- _DIRECTIONS FOR THIS TASK_: Could you set down exactly the lines of the data below, starting at the one that holds "Drache - Recycelte" and ending at the one that holds "Raf Simons Raf", both included, and only those?

RECORDS SHOWN Block Start

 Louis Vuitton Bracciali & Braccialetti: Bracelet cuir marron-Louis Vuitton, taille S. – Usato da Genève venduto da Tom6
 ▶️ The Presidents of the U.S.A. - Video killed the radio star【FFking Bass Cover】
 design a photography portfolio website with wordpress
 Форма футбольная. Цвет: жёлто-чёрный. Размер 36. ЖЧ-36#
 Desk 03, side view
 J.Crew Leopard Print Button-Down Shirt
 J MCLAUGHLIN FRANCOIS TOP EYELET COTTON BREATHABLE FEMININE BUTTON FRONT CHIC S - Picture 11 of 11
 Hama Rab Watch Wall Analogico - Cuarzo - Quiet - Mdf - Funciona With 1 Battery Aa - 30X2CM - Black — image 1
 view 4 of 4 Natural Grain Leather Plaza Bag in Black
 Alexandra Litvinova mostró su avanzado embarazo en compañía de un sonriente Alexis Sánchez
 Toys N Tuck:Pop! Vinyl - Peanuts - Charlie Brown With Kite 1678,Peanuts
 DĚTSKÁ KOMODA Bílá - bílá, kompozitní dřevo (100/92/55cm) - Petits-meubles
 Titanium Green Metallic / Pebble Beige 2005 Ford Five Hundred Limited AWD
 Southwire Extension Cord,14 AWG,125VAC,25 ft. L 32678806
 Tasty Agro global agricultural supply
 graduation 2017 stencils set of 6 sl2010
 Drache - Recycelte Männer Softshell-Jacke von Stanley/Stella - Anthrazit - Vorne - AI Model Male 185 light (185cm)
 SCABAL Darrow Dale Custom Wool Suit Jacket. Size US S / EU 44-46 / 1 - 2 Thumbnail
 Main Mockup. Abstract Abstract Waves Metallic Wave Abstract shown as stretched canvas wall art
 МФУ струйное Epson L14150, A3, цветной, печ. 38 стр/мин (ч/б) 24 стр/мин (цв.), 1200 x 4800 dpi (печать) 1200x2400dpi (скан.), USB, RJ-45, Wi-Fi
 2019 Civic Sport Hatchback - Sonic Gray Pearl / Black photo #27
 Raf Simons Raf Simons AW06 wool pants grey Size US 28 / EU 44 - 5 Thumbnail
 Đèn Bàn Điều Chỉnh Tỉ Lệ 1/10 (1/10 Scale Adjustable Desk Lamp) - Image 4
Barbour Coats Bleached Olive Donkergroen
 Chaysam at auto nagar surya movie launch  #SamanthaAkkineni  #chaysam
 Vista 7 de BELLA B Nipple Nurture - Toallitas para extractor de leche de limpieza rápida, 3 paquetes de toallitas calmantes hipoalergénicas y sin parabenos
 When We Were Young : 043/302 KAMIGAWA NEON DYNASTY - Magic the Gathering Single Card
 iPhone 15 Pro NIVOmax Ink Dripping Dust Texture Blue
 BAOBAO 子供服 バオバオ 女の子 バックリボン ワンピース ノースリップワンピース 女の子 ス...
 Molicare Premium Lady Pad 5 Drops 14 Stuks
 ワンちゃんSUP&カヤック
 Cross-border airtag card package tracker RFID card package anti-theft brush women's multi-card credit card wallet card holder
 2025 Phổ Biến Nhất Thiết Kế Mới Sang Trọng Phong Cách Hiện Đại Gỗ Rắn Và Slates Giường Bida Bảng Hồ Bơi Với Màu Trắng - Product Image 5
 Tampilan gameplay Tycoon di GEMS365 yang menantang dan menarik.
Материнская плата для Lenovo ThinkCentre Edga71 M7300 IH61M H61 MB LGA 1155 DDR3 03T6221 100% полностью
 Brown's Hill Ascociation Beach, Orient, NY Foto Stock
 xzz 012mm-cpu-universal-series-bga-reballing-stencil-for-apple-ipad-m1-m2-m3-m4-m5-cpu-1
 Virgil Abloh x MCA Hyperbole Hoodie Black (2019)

RECORDS SHOWN Block End

- _YOUR RESPONSE_:
 Drache - Recycelte Männer Softshell-Jacke von Stanley/Stella - Anthrazit - Vorne - AI Model Male 185 light (185cm)
 SCABAL Darrow Dale Custom Wool Suit Jacket. Size US S / EU 44-46 / 1 - 2 Thumbnail
 Main Mockup. Abstract Abstract Waves Metallic Wave Abstract shown as stretched canvas wall art
 МФУ струйное Epson L14150, A3, цветной, печ. 38 стр/мин (ч/б) 24 стр/мин (цв.), 1200 x 4800 dpi (печать) 1200x2400dpi (скан.), USB, RJ-45, Wi-Fi
 2019 Civic Sport Hatchback - Sonic Gray Pearl / Black photo #27
 Raf Simons Raf Simons AW06 wool pants grey Size US 28 / EU 44 - 5 Thumbnail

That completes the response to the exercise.